Buongiorno e buona domenica da Tokyo, dove l’aria è finalmente tiepida e le persone del luogo hanno finalmente ricominciato a sfoggiare sandali, infradito, ciavatte e zoccoli.
Oggi no, ma negli ultimi giorni il Giappone è stato battuto da venti fortissimi e imbizzarriti, così nonostante fosse finalmente finita la stagione dei pollini fastidiosi è arrivata una valanga di sabbia gialla. La famosa kōsa è polvere dei deserti di CIna e Mongolia che vola fino a qui e si deposita sulle macchine, case, strade, persone e loro mucose. Non c’è pace per l’aria giapponese, pensateci la prossima volta che vedete la gente di qui con le mascherine.
Mangiare in giro per il mondo
Mi sono appassionato a un nuovo programma televisivo: Sekai itadaki Gourmet, che significa proviamo i cibi gourmet di tutto il mondo, più o meno. Mescola varie passioni smodate giapponesi: il cibo, i viaggi e mangiare alle bancarelle roba sconosciuta e un po’ estrema, guardare e commentare da studio.
Amo molto lo spirito avventuroso nei gusti gastronomici dei giapponesi, qui non è difficile incontrare appassionati di cibo piccante (anche se tradizionalmente qui si usa poco peperoncino), cibo di altri paesi asiatici, europei o di altri angoli del Mondo che per noi non sono nemmeno sulla mappa. Nella mia esperienza, incontrare dei giapponesi all’estero (specie in altri paesi asiatici) significa avere degli ottimi alleati nella ricerca di cibo buono, specie quello di strada fatto nelle bancarelle.

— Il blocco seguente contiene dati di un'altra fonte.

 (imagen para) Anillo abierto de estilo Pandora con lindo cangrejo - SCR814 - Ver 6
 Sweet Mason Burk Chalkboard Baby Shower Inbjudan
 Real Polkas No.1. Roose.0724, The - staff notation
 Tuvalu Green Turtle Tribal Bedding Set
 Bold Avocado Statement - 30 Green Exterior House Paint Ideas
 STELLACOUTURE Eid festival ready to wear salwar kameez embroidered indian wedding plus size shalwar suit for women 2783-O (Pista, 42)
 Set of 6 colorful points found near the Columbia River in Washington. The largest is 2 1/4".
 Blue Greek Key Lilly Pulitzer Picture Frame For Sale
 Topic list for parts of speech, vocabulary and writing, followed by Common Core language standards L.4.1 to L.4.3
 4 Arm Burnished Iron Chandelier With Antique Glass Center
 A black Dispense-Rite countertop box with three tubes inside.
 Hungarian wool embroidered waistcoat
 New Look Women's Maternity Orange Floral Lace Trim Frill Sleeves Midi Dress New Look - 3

Nella puntata di Sekai Itadaki che ho visto, una buona parte dell’esplorazione si svolgeva in India e il conduttore provava i cibi ricchissimi dei baracchini di Delhi (il lettore attento di questa NL adesso immaginerà la mia sensazione di piacevole nostalgia). Su alcune cose le cucine indiana e giapponese non potrebbero essere più distanti, ad esempio l’uso di spezie ma soprattutto il burro. Panetti interi lasciati nella padella per soffriggere, insaporire, rendere tutto sostanzioso, nutriente, saporito, ricco. Nel mese di vita che da studente ho passato in una famiglia indiana l’aggiunta di ghī sul chapati era diventato un gesto temibile per me, specie perché particolarmente abbondante in quanto ospite speciale e persona che doveva nutrirsi per studiare ma che non mangiava abbastanza, secondo le mamme locali (era una famiglia matriarcale in cui vivevano 3 donne sorelle).
Per vedere questo programma bisognerebbe andare qui, ma non so se dall’Italia (o dove siete voi) si riesce ad aprire. Fatemi sapere.
Fuji, che significa (anche) glicine
Se i ciliegi sono speciali come caducità, anche i glicini non scherzano per niente. La loro fioritura dura pochissimo ma sono una costante in moltissimi parchi cittadini, con le loro belle pergole robuste.
Ho una mappa mentale di dove si trovano le piante di glicine nel mio quartiere, ma per quelli rarissimi bianchi bisognerebbe andare fuori città e non so se questa stagione avrò tempo di farlo.
Capovillaggio
Da aprile, mese in cui inizia l’anno fiscale-scolastico in Giappone, sono il responsabile del mio caseggiato. L’associazione di quartiere (町内会) è un’istituzione fondamentale nelle zone residenziali di Tokyo (penso anche altrove in Giappone) e visto che più della metà degli occupanti delle 14 case che fanno parte dell’isolato è troppo anziana, molti hanno saltato il turno e quest’anno tocca a me. Forse nelle prossime puntate della NL racconto in cosa consiste il mio lavoro che mi sta dando grossissime soddisfazioni. Adesso ad esempio ho appena finito la raccolta delle offerte per una piccola cerimonia Shinto che ci sarà il prossimo fine settimana. 🦊⛩️🦊
Bon dai, a posto così per questa settimana, passate una buona domenica e… ci siamo capiti.